[EXERCISE]
Return the data verbatim, without pictures.

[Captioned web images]
╔══

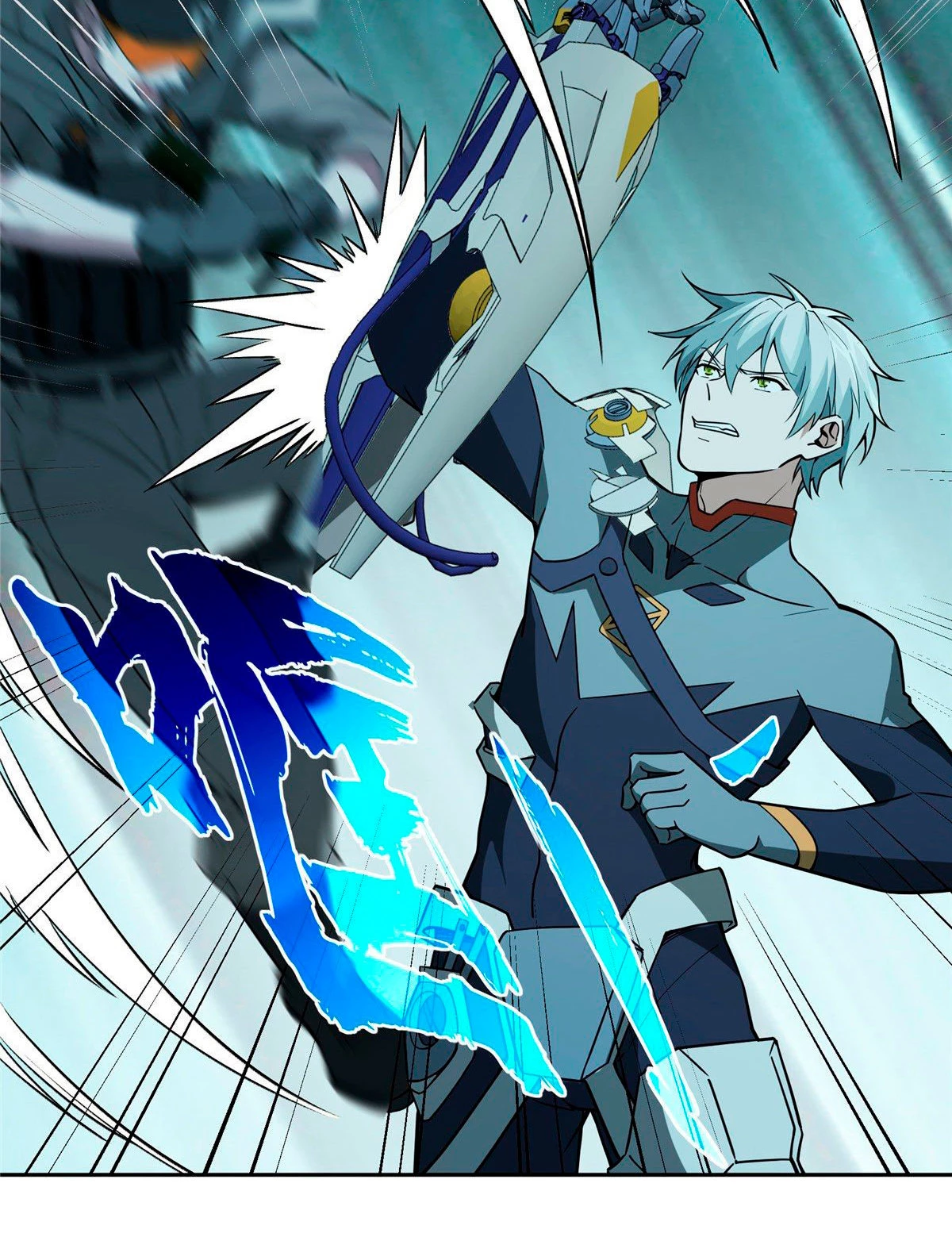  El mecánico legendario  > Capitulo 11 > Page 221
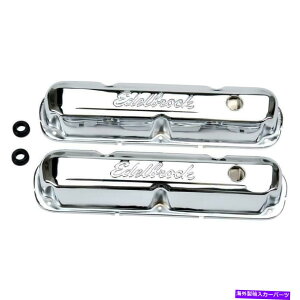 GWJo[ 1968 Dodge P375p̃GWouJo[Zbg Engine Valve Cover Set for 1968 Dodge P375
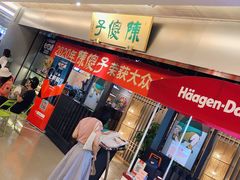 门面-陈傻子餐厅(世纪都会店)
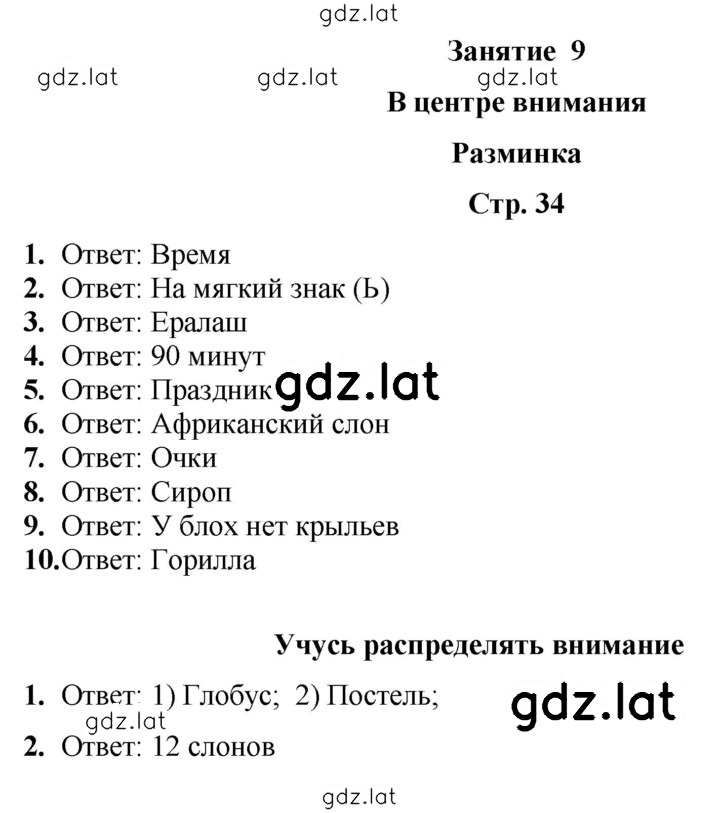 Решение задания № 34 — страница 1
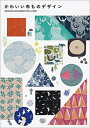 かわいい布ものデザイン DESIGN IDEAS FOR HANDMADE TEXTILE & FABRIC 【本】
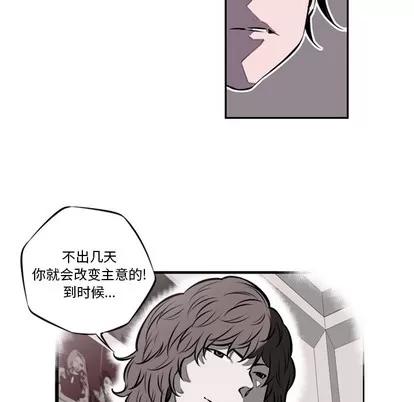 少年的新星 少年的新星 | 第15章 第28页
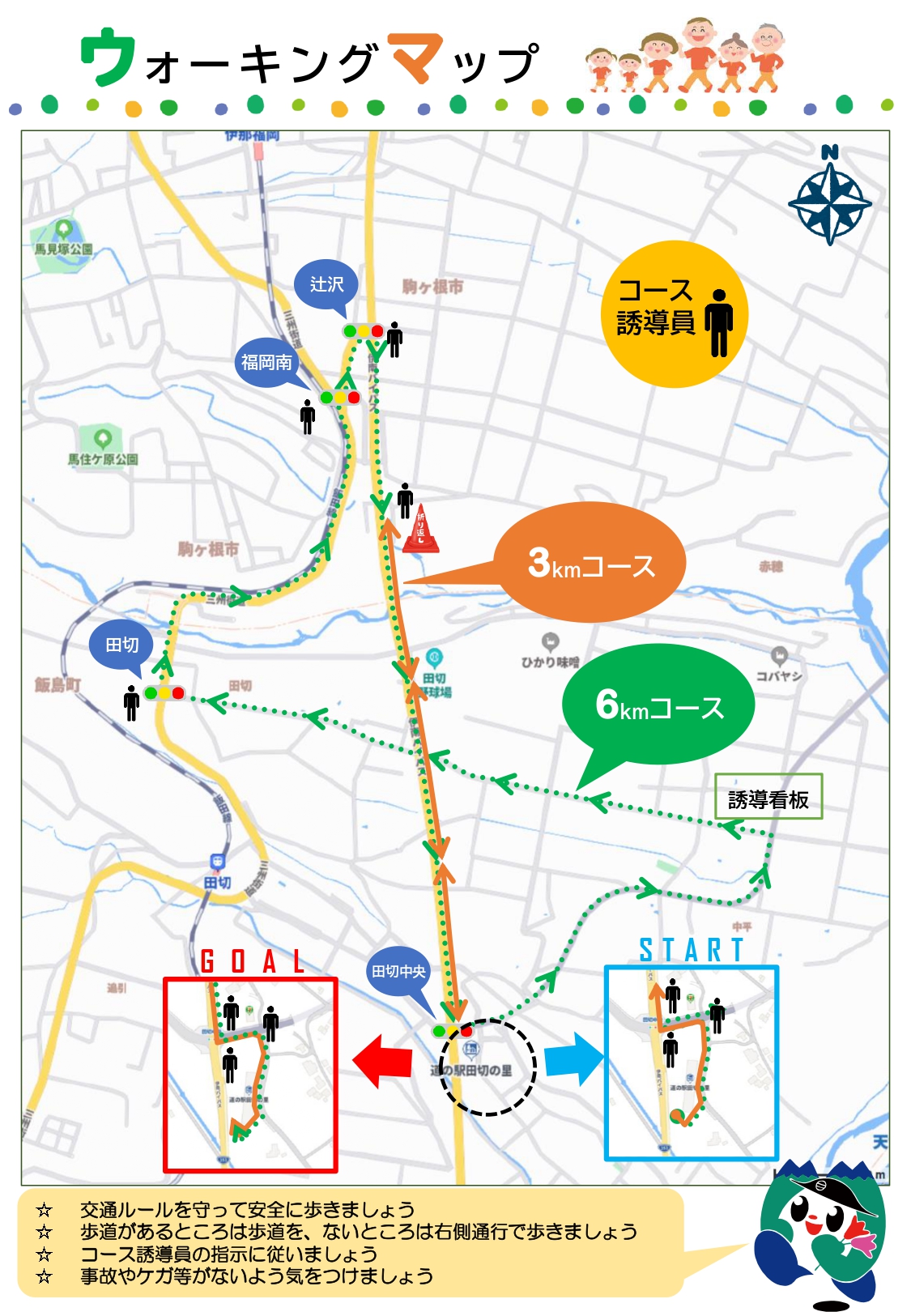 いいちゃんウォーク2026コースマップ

╚══

[TASK ANSWER]
  El mecánico legendario  > Capitulo 11 > Page 221
 GWJo[ 1968 Dodge P375p̃GWouJo[Zbg Engine Valve Cover Set for 1968 Dodge P375
 门面-陈傻子餐厅(世纪都会店)
 Решение задания № 34 — страница 1
 かわいい布ものデザイン DESIGN IDEAS FOR HANDMADE TEXTILE & FABRIC 【本】
 少年的新星 少年的新星 | 第15章 第28页
 いいちゃんウォーク2026コースマップ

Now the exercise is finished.